The AHR is a ligand-activated transcription factor, whose transcriptional activity is regulated by small compounds. AHR has been shown to be involved in energy homeostasis and inflammation51. Epidemiological analyses suggest that exposure to xenobiotic AHR ligands contributes to the development of obesity and T2D. Furthermore, increased levels of IL-22 and high frequencies of Th22 cells are associated with insulin resistance in patients with T2D. In patients with T2D, elevated plasma concentrations of IL-22 and IL-17 are associated with increased AHR transcription51. Our findings revealed that, in patients with T2D, the genes involved in AHR signaling include MED1, NFIA, and SMARCA4. Thus, the role of AHR signaling in the regulation of T2D is a new direction for future research.

Homeobox transcript antisense RNA (HOTAIR) an oncogenic long non-coding RNA (lncRNA), as an epigenetic hub may drive T2D pathogenesis52,53. By recruiting the PRC2 complex, HOTAIR can deposit H3K27me3 marks on downstream loci, thereby suppressing HNF1A and modulating TCF7L2, two master regulators of β-cell insulin synthesis and glucose homeostasis. Concurrently, HOTAIR-mediated activation of MMP3 promotes extracellular-matrix remodeling, a precursor to diabetic micro-vascular complications52. These coordinated effects provide a plausible mechanistic link between elevated HOTAIR activity and both the initiation and progression of T2D.

The correlation between WNT/β-catenin signaling and T2D is well-established54. The gene TCF7L2 related to the Wnt signaling pathway has been identified as a risk factor for T2D through GWAS55,56. Two SNPs, rs12255372 and rs7903146, that were also significantly associated with T2D (P values = 2.74 × 10− 7 and 7.35 × 10− 3) in our population, have been shown to exhibit strong correlations with T2D risk57,58. Moreover, certain SNPs of HNF1A increase susceptibility to T2D59. Our results corroborate earlier findings that, the genes involved in the WNT/β-catenin signaling include HNF1A, TCF7L2, and TLE4 are associated with T2D.

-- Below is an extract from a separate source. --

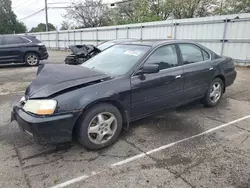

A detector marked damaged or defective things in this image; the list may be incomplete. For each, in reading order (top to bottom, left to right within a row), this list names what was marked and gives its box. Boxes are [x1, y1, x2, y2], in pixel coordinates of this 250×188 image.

damaged black car [64, 38, 138, 65]
damaged black car [11, 40, 236, 149]
crumpled front bumper [11, 106, 80, 145]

Our study has some strengths and limitations. We utilized a large EMR database with longitudinal information on various diseases and conducted a large-scale GWAS using a Taiwanese population. This provided a valuable opportunity to understand the correlation between T2D-related genes and various diseases. For external validation, we used the TWB database, which contains data from the general population, helping to reduce selection bias. However, the PRS construction approach used in this study was based on the “clumping and thresholding” method, which may not fully account for the effects of LD. Alternative analytical methods such as PRS-CS43 or machine learning approaches60 could potentially identify additional significant SNPs and enhance the models’ accuracy. Additionally, we developed a risk score model that may be useful for clinical screening in Taiwanese populations. However, the accuracy of this model requires validation using an independent database. The generalizability of our study is limited, as our study population included only Taiwanese individuals. Due to genetic variations and clinical differences across ethnicities, future studies should incorporate more genetic and environmental variables related to T2D. A more comprehensive nomogram model should also be established to predict T2D risk, and its diagnostic efficacy should be verified in different populations. Moreover, while the sample size of this study is large, particularly in the context of PheWAS, only phenotypes with sufficient occurrences were analyzed. This may lead to a lack of power for subgroup analyses or for specific phenotypes. Additionally, the causative relationships among these observed associations could be explored in future research.

Conclusion

Our predictive risk model based on key genetic and clinical factors can effectively distinguish individuals with different risk levels of T2D. Individualized risk estimation for T2D is important to help inform decision-making when considering measures for primary prevention of T2D.